Através da experiência pedagógica compartilhada na última seção, consegui trazer de
forma prática, como é possível nos aproximarmos da realidade da criança através do contato
com a corporeidade dela. Como pontuado, Jorge não tinha nenhum laudo que direcionasse meu
olhar para um entendimento da condição dele, suas necessidades pedagógicas foram percebidas
através do meu contato e observação de sua realidade corpórea, daquilo que ele apresentava em
sua integridade no dia a dia da escola. Portanto, através dessa experiência e das bibliografias
consultadas para essa pesquisa, surge uma reflexão sobre como a corporeidade dos e das
estudantes podem nos apresentar um campo fértil, que se expressa de forma verbal e não-verbal,
sobre as necessidades pedagógicas de cada um.
Outra reflexão, que surgiu a partir dessa prática, é a possibilidade de pensar os caminhos
do conhecimento no corpo. Levando em consideração que cada corporeidade dispõe uma forma
única de ser e estar se relacionando com os conhecimentos, podemos notar que em alguns
corpos os caminhos hegemônicos de ensino/aprendizagem fazem sentido, em outros, como no
caso de Jorge, foi preciso encontrar outras possibilidades de caminho, que estava dispostas em
seu corpo, para que os conhecimentos possam fazer sentido. E foi só através da relação e
aproximação com a realidade corpórea e perceptiva de Jorge que pude decifrar esses caminhos.

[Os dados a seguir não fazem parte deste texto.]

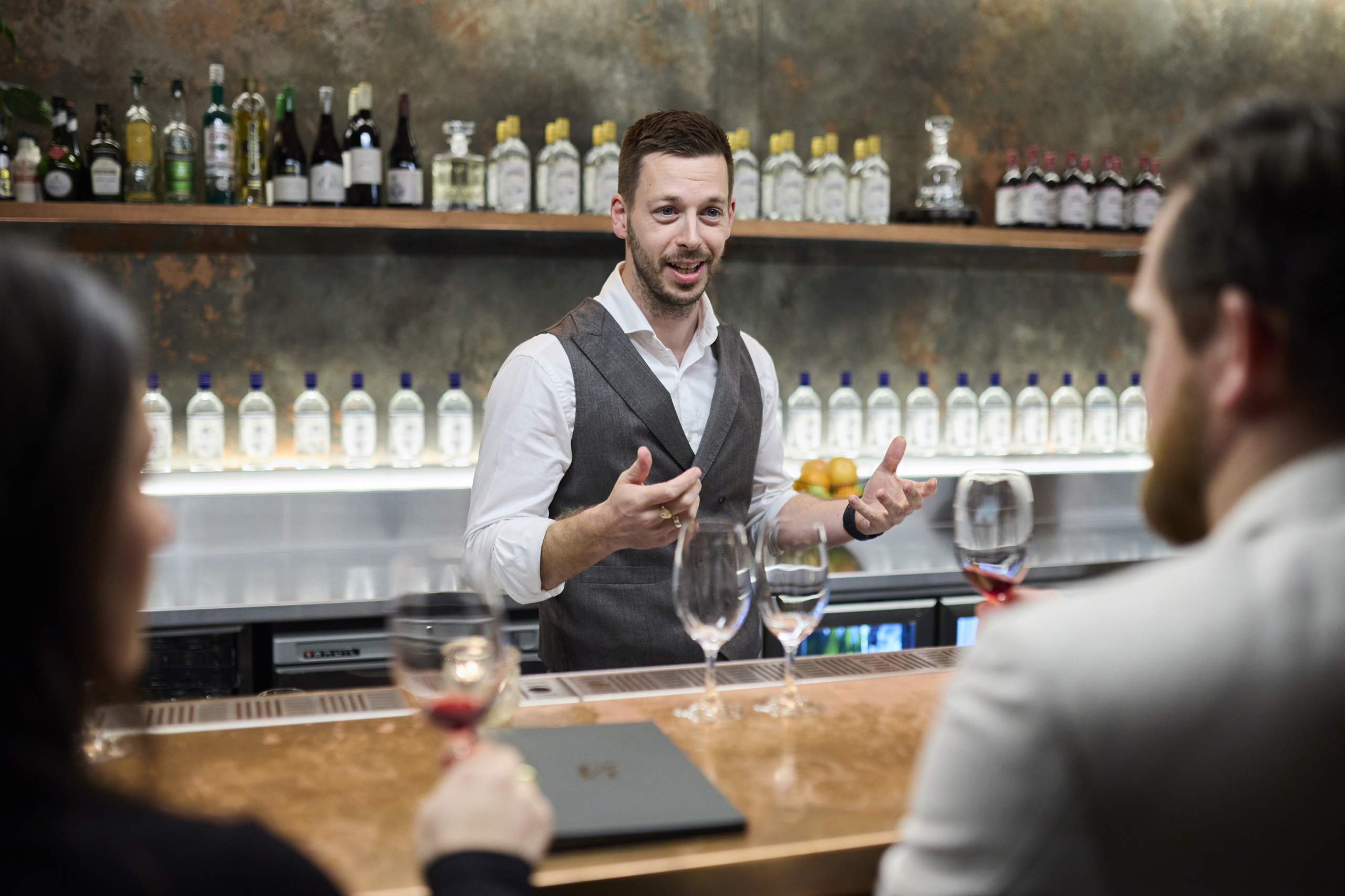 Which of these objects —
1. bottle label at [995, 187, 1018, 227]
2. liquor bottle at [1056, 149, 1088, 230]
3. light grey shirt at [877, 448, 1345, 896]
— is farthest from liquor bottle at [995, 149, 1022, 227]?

Por fim, essa questão leva a mais uma ponderação sobre a prática com Jorge, a noção das
Crianças-Exu. As Crianças-Exu são aquelas que abrem a encruza na escola reivindicando outros
caminhos por onde o conhecimento possa passar, dessa forma, são elas que abrem um dos
caminhos possíveis, para estarmos pensando em como proporcionarmos práticas que se
relacionem com a integridade corpórea dos e das estudantes e além de tornarem possível
práticas alternativas para lidar com suas dificuldades no dia-a-dia escolar, elas possibilitam
ampliar essas ações para a turma inteira.

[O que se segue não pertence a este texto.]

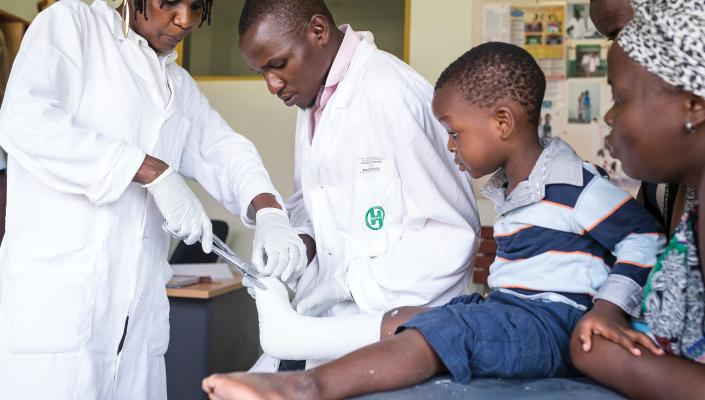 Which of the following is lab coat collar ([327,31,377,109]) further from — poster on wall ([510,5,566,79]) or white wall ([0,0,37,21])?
white wall ([0,0,37,21])

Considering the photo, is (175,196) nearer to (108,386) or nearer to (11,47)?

Por fim, faço uma consideração acerca da importância de trazer, de forma mais
aprofundada, os debates acerca da corporeidade e descolonização nos currículos de formação
de professores. Tendo em vista que, o contato que eu tive com as referências bibliogŕaficas
dispostas nesta pesquisa, se deu através da minha própria curiosidade e do contato com as
leituras disponibilizadas através da orientação deste TCC. Durante minha passagem no curso
de Pedagogia não entrei em contato com nenhum debate acerca da fenomenologia e das
contribuições de Merleau Ponty e dos autores e autoras trazidas aqui para a área da educação,
da mesma forma em que não presenciei, na maioria das aulas, o debate trazido pelo pensamento
decolonial, sendo que as duas referências foram as bases da produção desse trabalho. Nesse
sentido, o ponto que trago como reflexão é para pensarmos quais motivos estão relacionados
ao fato de não ser incluído de forma mais ampla o debate acerca dos temas da corporeidade e
da decolonialidade no currículo de formação em Pedagogia, levando em consideração a
relevância desses no pensar e no fazer pedagógico.